== Segment start ==

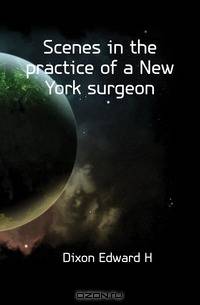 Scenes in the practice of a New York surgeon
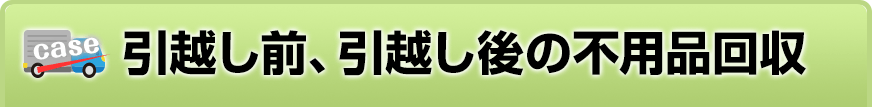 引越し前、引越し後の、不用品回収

== Segment end ==
== Segment start ==

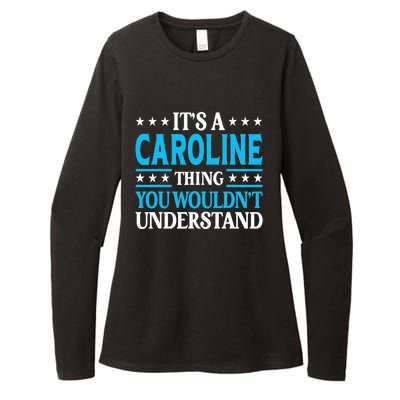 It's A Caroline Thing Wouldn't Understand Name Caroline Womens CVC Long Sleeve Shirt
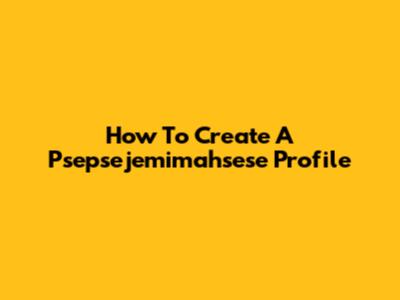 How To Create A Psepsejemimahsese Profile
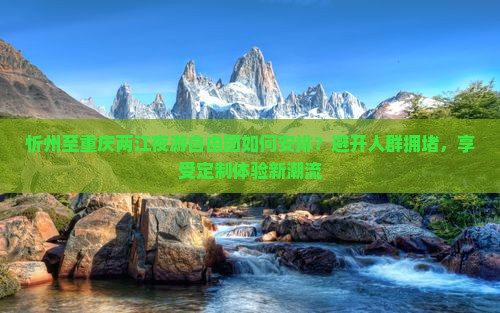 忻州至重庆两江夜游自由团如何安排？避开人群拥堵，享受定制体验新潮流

== Segment end ==

* **Task directions**
Set down exactly the lines above, from the line containing "Scenes in the practice of a New York surgeon" through the line containing "引越し前、引越し後の、不用品回収". Skip the pictures.

* **Solution for this exercise**
 Scenes in the practice of a New York surgeon
 引越し前、引越し後の、不用品回収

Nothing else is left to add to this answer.